It’s a Phase

Kevin Sterne

Contest Winner

My nephew takes pictures of dead animals with a disposable camera. My sister said this might be an issue when she asked me to watch him for the weekend.

      “It’s a phase,” she tells me. “Mark and I think he got it off the TV. Just don’t let him watch anything on the Syfy channel.”

      “Does he touch the carcasses?” I ask. This is my first time doing this: caring for and protecting a small human. “Should I be having him wash his hands?

      My sister looks at me like I am the disappointment that I am. “No and yes.”

      I’m an absolute last resort in her book, but when four babysitters, Mark’s mother, and the dog walker cancelled she asked me to watch him while she and Mark go away to Divine Duet Oasis—a couple’s retreat and spa—to “detox.”

     “So Mark’s been hitting the sauce again?”

      She tucks her bottom lip under her top teeth.
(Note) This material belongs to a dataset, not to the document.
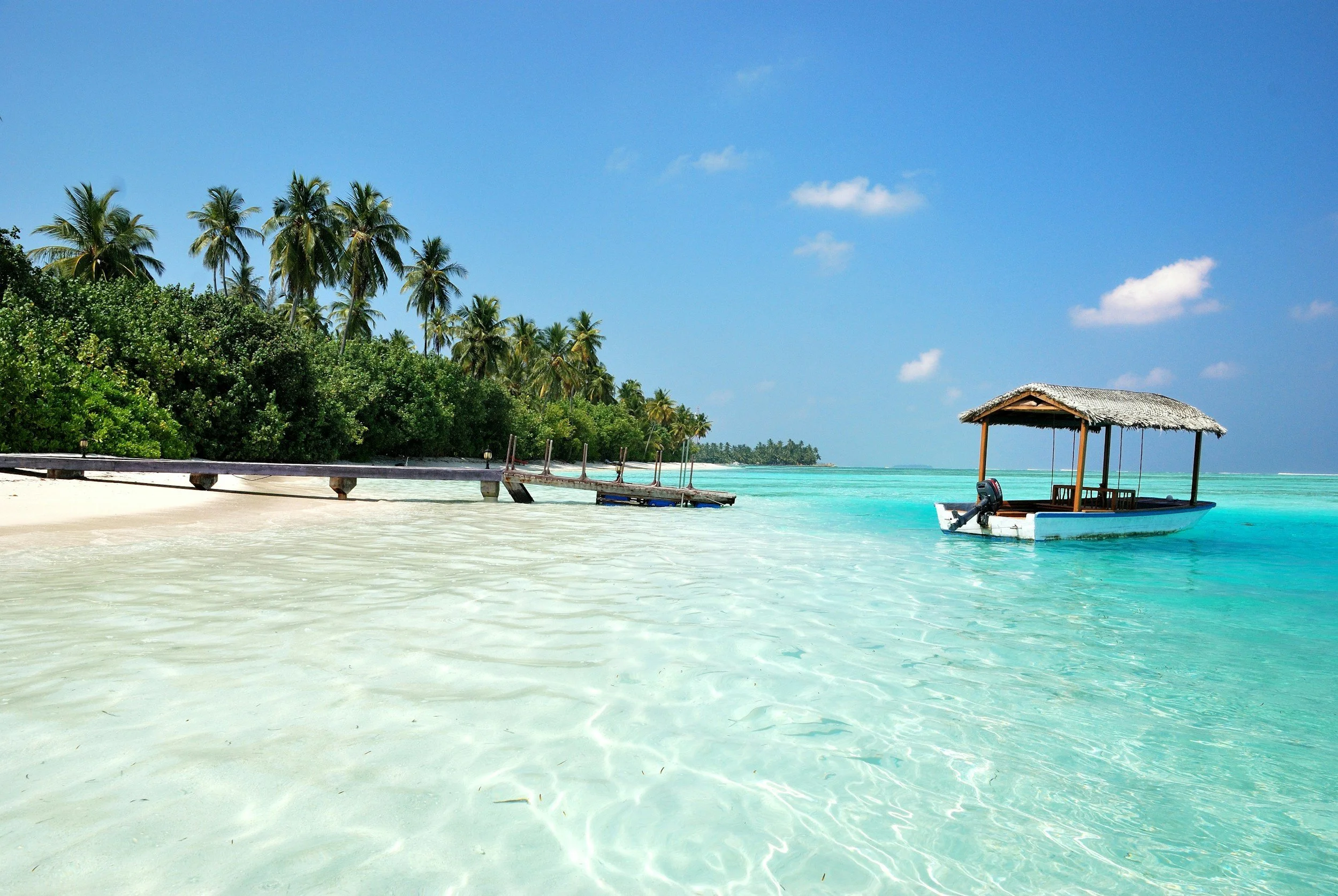 Tropical beach with white sand, lush green trees, a wooden dock, a small boat with a thatched roof, and clear turquoise water under a blue sky with a few clouds.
I’ve been her brother long enough to know there’s something she’s not telling me. “It’s not like that.”

      “There’s a difference between an alcoholic and a functioning alcoholic.”

      “You would know.”

      “You’ve met Jerry before.”

      “Unfortunately.”

      She expects me to screw up, and even makes a point of showing me the survival-grade first aid kit she’s tucked in the boy’s backpack.

      “For when you need it.”

     “You mean in case we need it.”

      “No, I mean when you need it.”

      Before she leaves she kisses the boy on the cheek and gives him a wad of twenty-dollar bills.

      “Have your uncle take you to dinner,” she tells both of us. “And no friends over. By friends I mean Jerry.”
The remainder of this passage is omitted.